+++ DATA UNDER STUDY

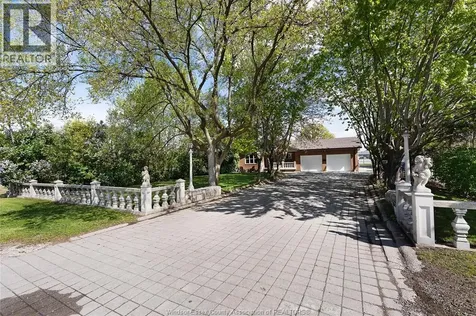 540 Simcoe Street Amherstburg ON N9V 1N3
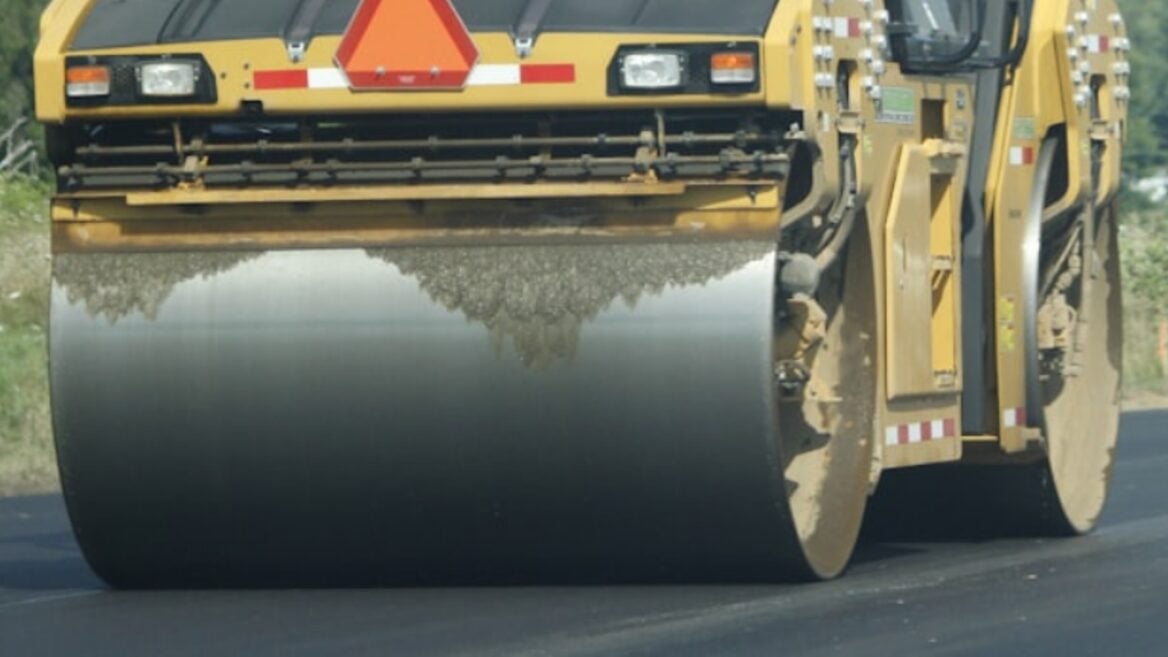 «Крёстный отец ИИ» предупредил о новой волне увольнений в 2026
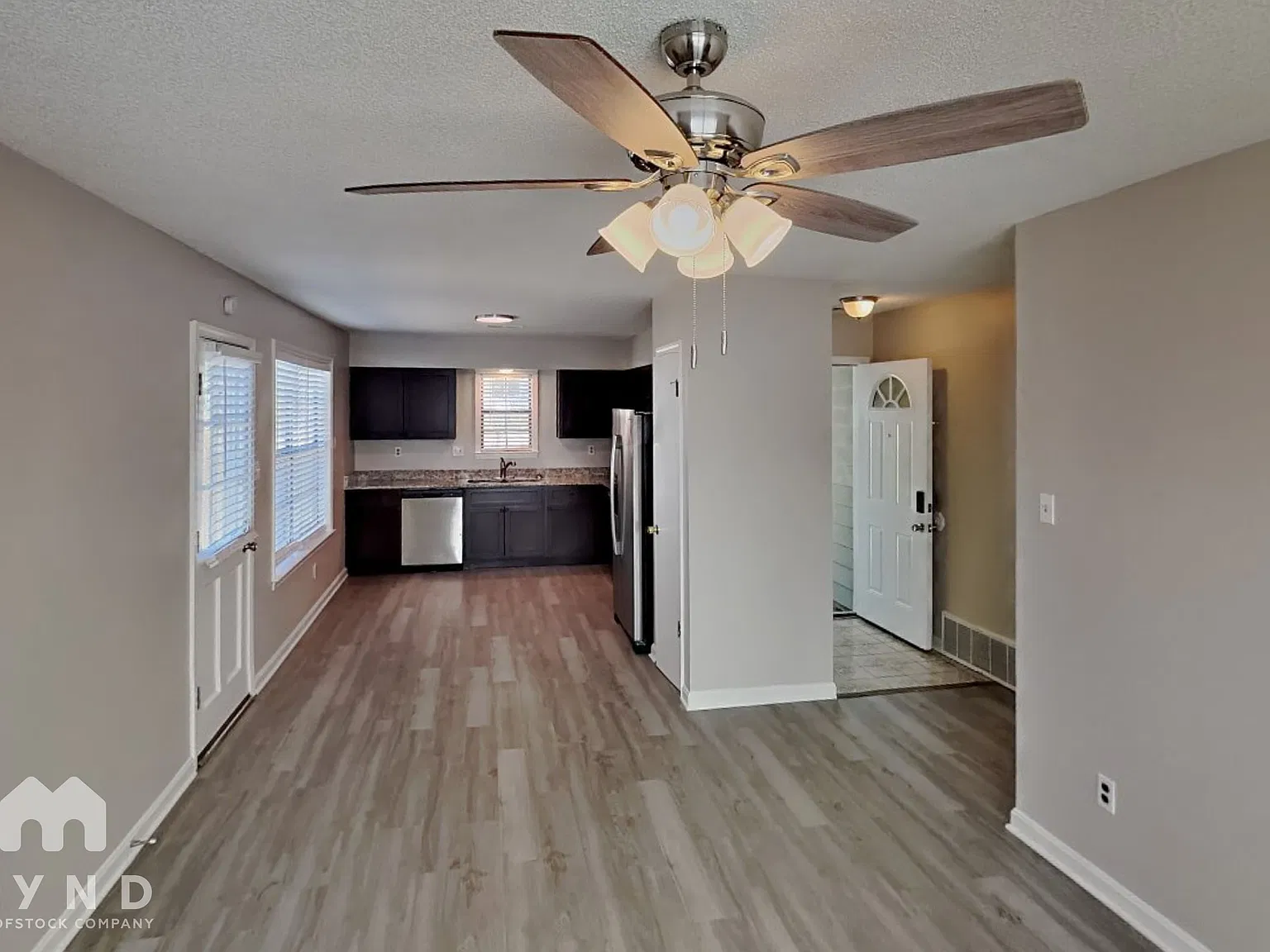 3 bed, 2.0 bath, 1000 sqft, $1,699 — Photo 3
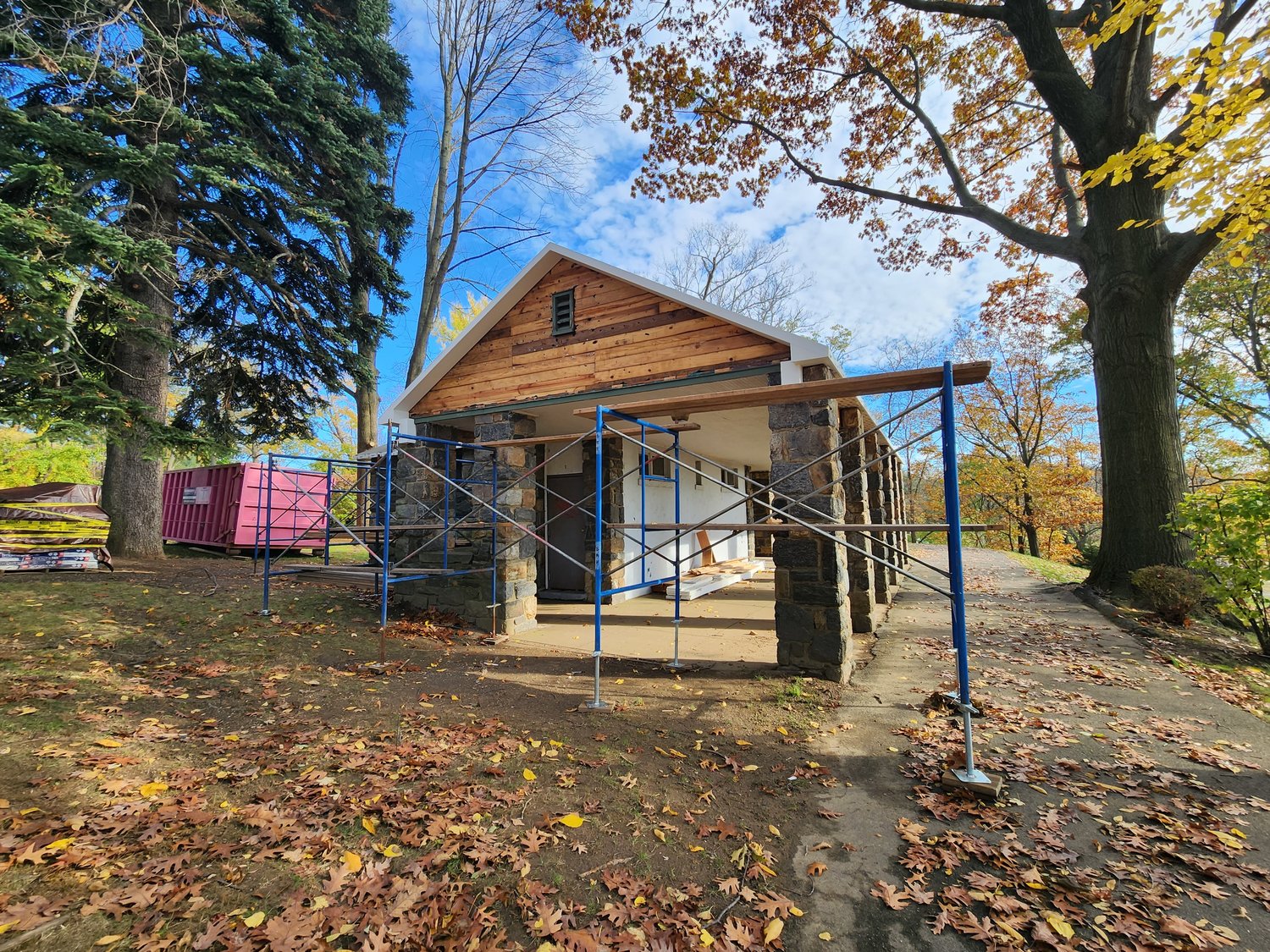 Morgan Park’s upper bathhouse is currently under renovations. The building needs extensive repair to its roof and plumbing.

++++++
+++ DATA UNDER STUDY

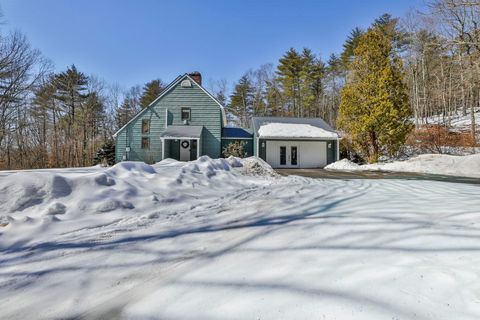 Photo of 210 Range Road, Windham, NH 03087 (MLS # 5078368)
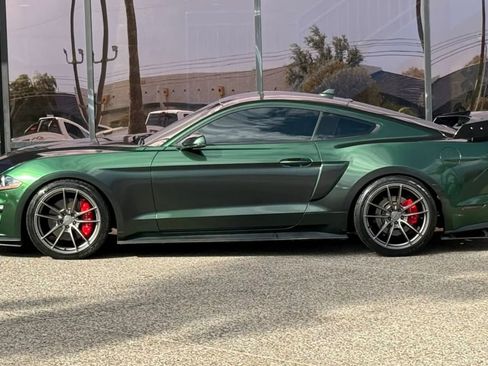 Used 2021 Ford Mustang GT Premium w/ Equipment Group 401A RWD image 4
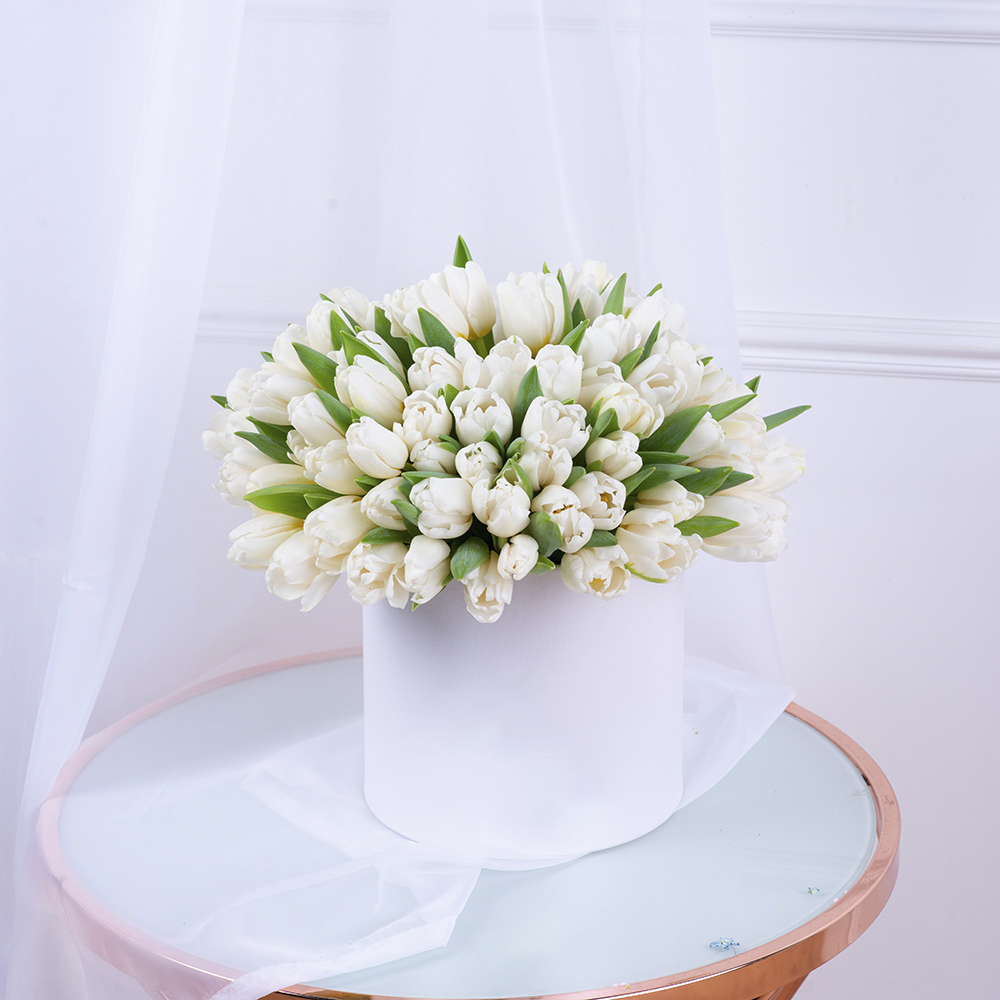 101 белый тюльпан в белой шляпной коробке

++++++
+++ DATA UNDER STUDY

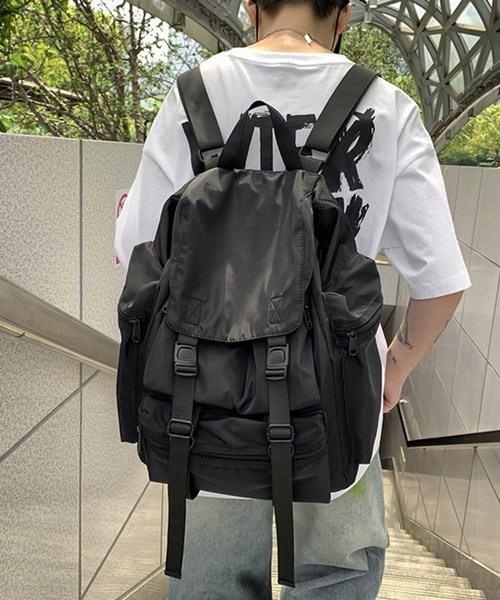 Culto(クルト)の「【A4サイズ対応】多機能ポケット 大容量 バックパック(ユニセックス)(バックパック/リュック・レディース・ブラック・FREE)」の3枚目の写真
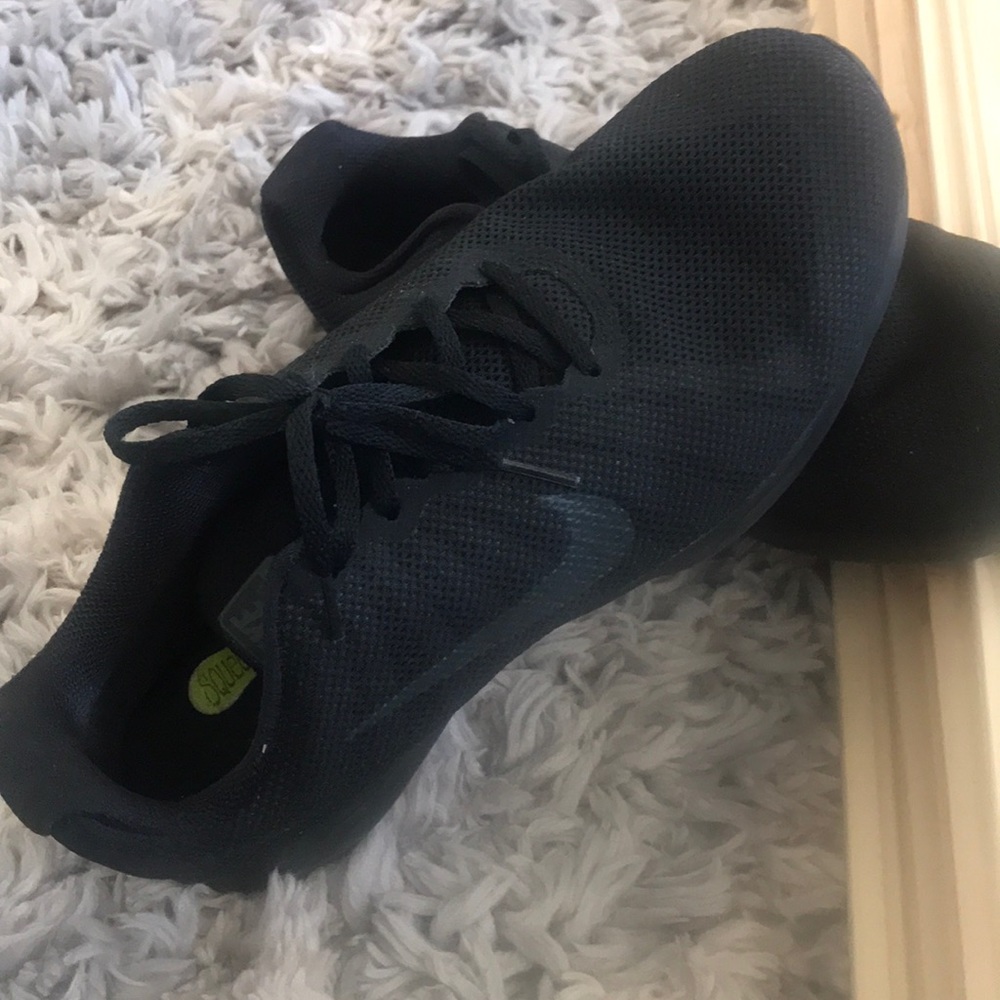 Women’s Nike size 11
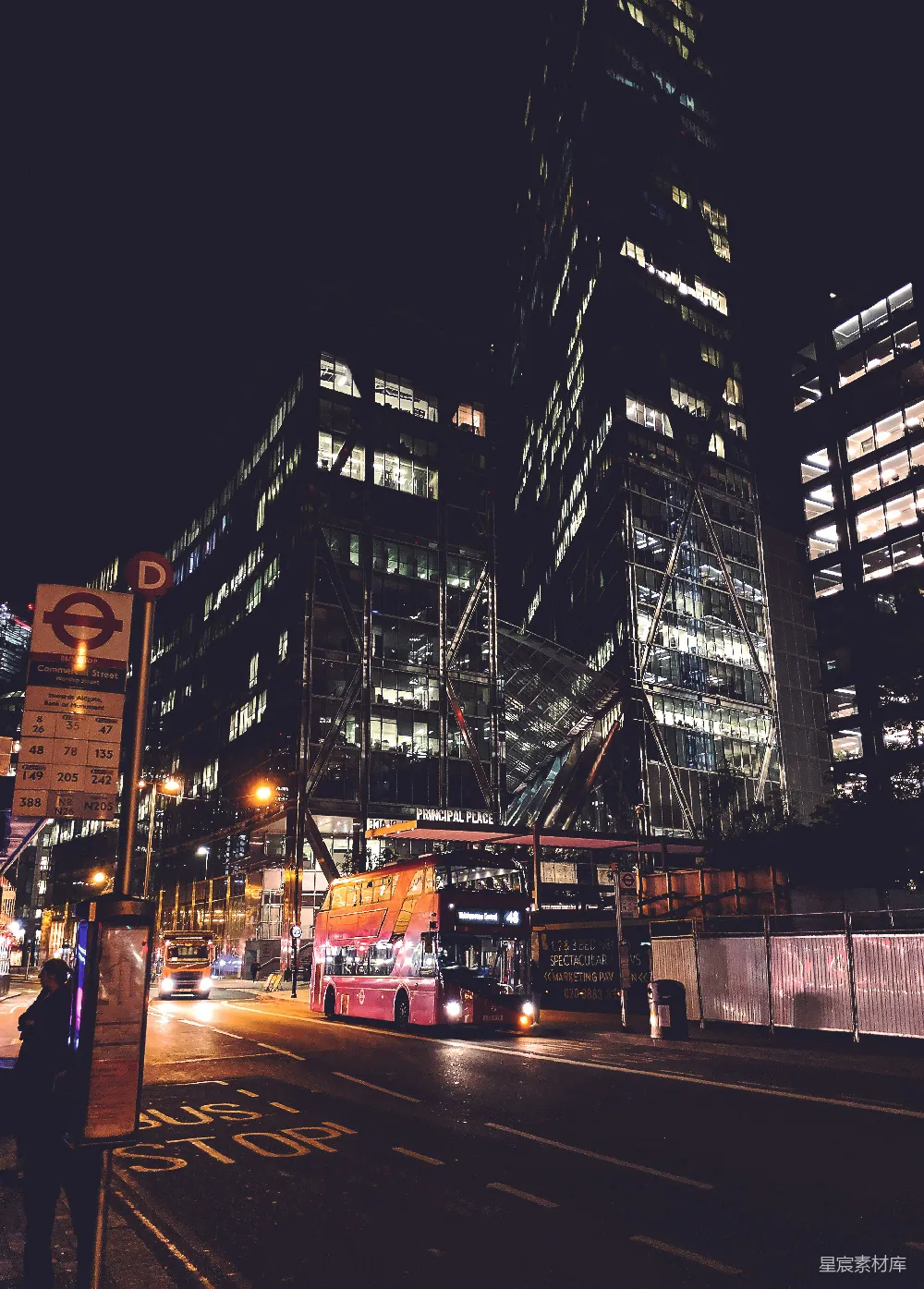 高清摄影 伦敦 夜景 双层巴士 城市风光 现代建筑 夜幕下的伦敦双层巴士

++++++

■ PROBLEM TO WORK ON: Start with the line with "540 Simcoe Street Amherstburg ON N9V 1N3" in the listing above and stop after the line with "Morgan Park’s upper". Write out exactly the lines in that stretch and no others, without pictures.

■ RESPONSE:
 540 Simcoe Street Amherstburg ON N9V 1N3
 «Крёстный отец ИИ» предупредил о новой волне увольнений в 2026
 3 bed, 2.0 bath, 1000 sqft, $1,699 — Photo 3
 Morgan Park’s upper bathhouse is currently under renovations. The building needs extensive repair to its roof and plumbing.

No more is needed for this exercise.